• [Input data]:
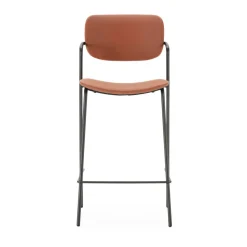 VELURA Lot de 2 tabourets de bar en simili cuir et métal H67cm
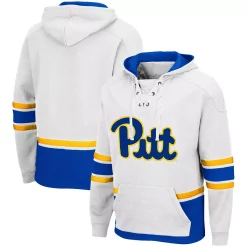 Men's Colosseum White Pitt Panthers Lace Up 3.0 Pullover Hoodie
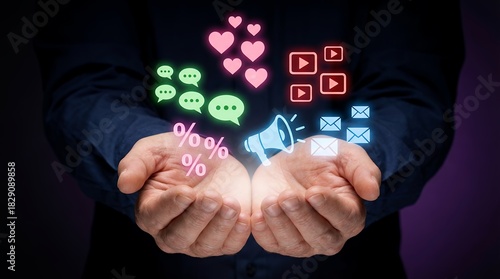 Hands holding digital icons representing communication engagement sales promotions and video content suggesting online marketing strategies and digital presence Social Media Internet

• [Problem details]:
Without reproducing any picture, repeat exactly the lines from the one containing "Men's Colosseum White" through the last line of the material above, both ends included.

• [Worked solution]:
 Men's Colosseum White Pitt Panthers Lace Up 3.0 Pullover Hoodie
 Hands holding digital icons representing communication engagement sales promotions and video content suggesting online marketing strategies and digital presence Social Media Internet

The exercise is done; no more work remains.